• Assignment: All of the data beneath this instruction is to be transcribed word for word.

• Exercise data:
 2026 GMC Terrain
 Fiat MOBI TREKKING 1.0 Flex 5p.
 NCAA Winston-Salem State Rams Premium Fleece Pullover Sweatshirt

• Task response:
 2026 GMC Terrain
 Fiat MOBI TREKKING 1.0 Flex 5p.
 NCAA Winston-Salem State Rams Premium Fleece Pullover Sweatshirt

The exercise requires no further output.